Convergence Analysis of Probability Flow ODE for Score-based Generative Models
This work addresses a theoretical gap for researchers in generative modeling, providing rigorous convergence analysis that is incremental but essential for advancing the field.
The paper tackles the problem of understanding the convergence properties of deterministic samplers based on probability flow ODEs in score-based generative models, proving theoretical error bounds in terms of data dimension and score matching error, and validating these with numerical studies up to 128 dimensions.

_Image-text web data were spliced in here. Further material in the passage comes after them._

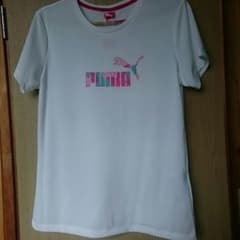 Tシャツのサムネイル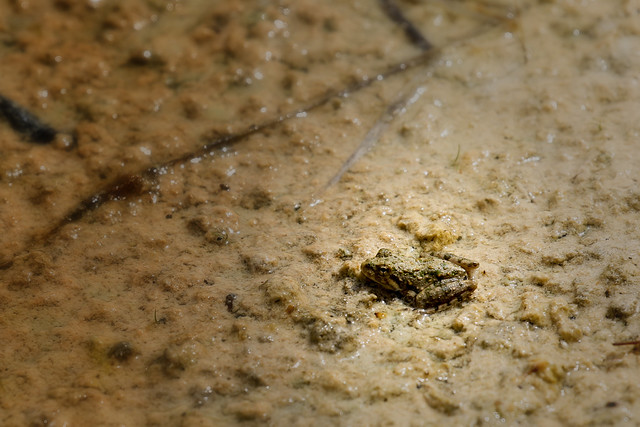 Tiny river frog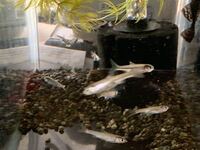 この魚はハヤの稚魚で良いんでしょうか どなたか教えてく Yahoo 知恵袋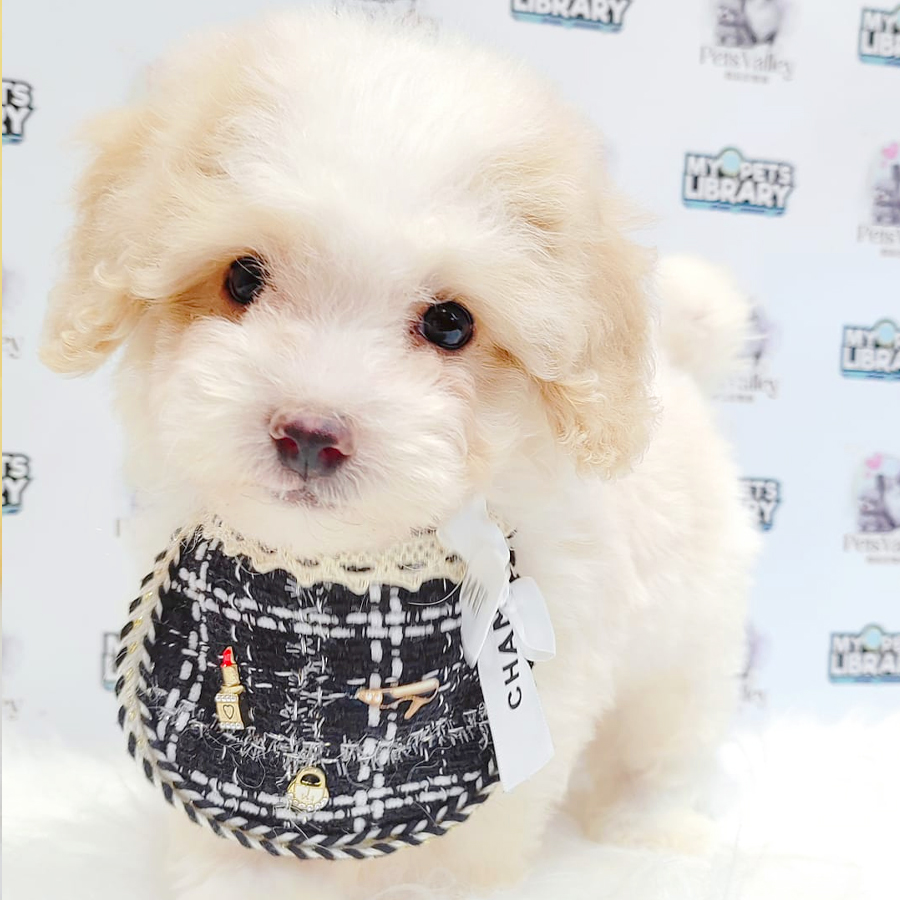 Maltipoo Puppy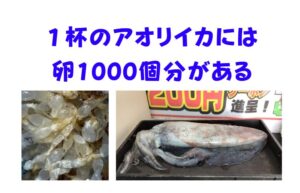 釣り上げたアオリイカを逆算すると、そこには1,000個の命（卵）のリレーが存在しました。釣太郎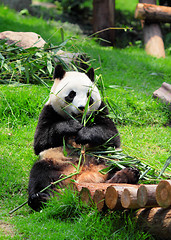 Image showing panda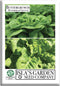 Buttercrunch Butterhead Lettuce Seeds for Planting 1000+ Non-GMO & Heirloom Seeds, Botanical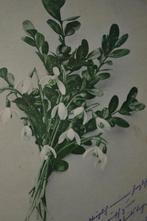 duitsland 1907 tak sneeuwklokjes, Verzamelen, Ansichtkaarten | Themakaarten, Ophalen, Voor 1920, Gelopen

Score-based generative models have emerged as a powerful approach for sampling high-dimensional probability distributions. Despite their effectiveness, their theoretical underpinnings remain relatively underdeveloped. In this work, we study the convergence properties of deterministic samplers based on probability flow ODEs from both theoretical and numerical perspectives. Assuming access to $L^2$-accurate estimates of the score function, we prove the total variation between the target and the generated data distributions can be bounded above by $\mathcal{O}(d^{3/4}δ^{1/2})$ in the continuous time level, where $d$ denotes the data dimension and $δ$ represents the $L^2$-score matching error. For practical implementations using a $p$-th order Runge-Kutta integrator with step size $h$, we establish error bounds of $\mathcal{O}(d^{3/4}δ^{1/2} + d\cdot(dh)^p)$ at the discrete level. Finally, we present numerical studies on problems up to 128 dimensions to verify our theory.